I AM FINE. Cadence, girlfriend, my trip got ALL kinds of confused with travel dates, time, airports, connections, ferry boats, so much so that I wasn't even sure until the last day. I HATE HATE HATE that I was so close to you, and we missed the chance to meet. I would have loved nothing more.
So much has happened, and yet very little has changed on the H front. I can't even remember what was going on the last time I posted, and TBH, I don't have a chance right this second to read back and see..... but 25, when I logged on and saw your "where are you???", I realized this is exactly how I feel when my special people on here go missing. So thank you for not forgetting about me.
In the next few days, I'm going to block off some time and come on here, and try to catch up on at least a few sitches. I miss the daily talks and encouragements, and this will always be the safest place I know, probably ever.
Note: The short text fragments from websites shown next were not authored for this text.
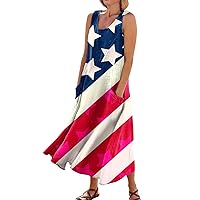 American Flag Dress Women Summer Casual Fashion Printed Sleeveless Round Neck Dress with Pocket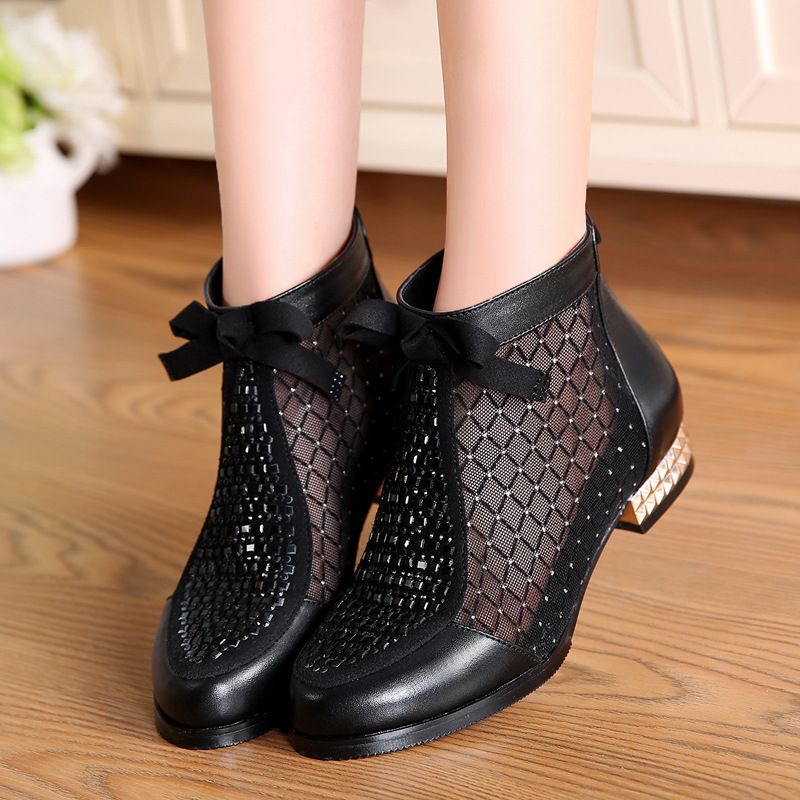 Muffled Leather lacquered net boots women 's summer low heel sandals breathable flat leather Big Size 35-43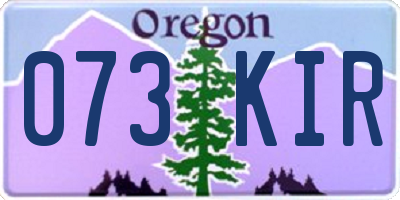 OR license plate 073KIR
My part time job has almost turned into full time, at least until the end of the year when I hope to get the legislature one. HOWEVER, night before last, I was driving on a delivery and a young man came straight into the side of my car, completely T-boned me on my driver's side, totaled his car, and we aren't sure yet about mine. UNBELIEVABLY both he and I walked away completely shaken to the core, but uninjured. It was an absolute miracle, and reminded me again of how short life can be, and not to waste time moaning over one lost love who probably wasn't worth it anyway.
I will have more to say on all that later, but must run and clock in. I miss you all so very much, and I will be back really soon.
M-60 H-51 M-14 years BD 12/26/16 S 1/1/17
"First the pain, then the rising." Glennon Doyle Melton
M: 57 H: 60 M: 35 yrs S30,D28,D19 H off to Alaska 2006 Recon 7/07- 8/08 *2016* X = "ALASKA 2.0" GROUND HOG DAY I File D 10/16 OW DIV 2/26/2018 X marries OW 5/2016
I GOT THE LEGISLATURE JOB!!! As a matter of fact, I was offered two different jobs in separate divisions. I accepted one of them today, and session begins January 8.
I've had another strong thought lately.
I feel more like the "real" me the last few weeks than I have in years. Although this little part time job is pretty mindless, I've become a team member again. I did not realize I missed that feeling until it began to come back. I isolated myself for 10 years, owning my own business and only interacting with my computer. I have found a new sense of belonging and respect from co-workers that my soul has craved, without my even knowing it.
H may have actually done me a huge favor.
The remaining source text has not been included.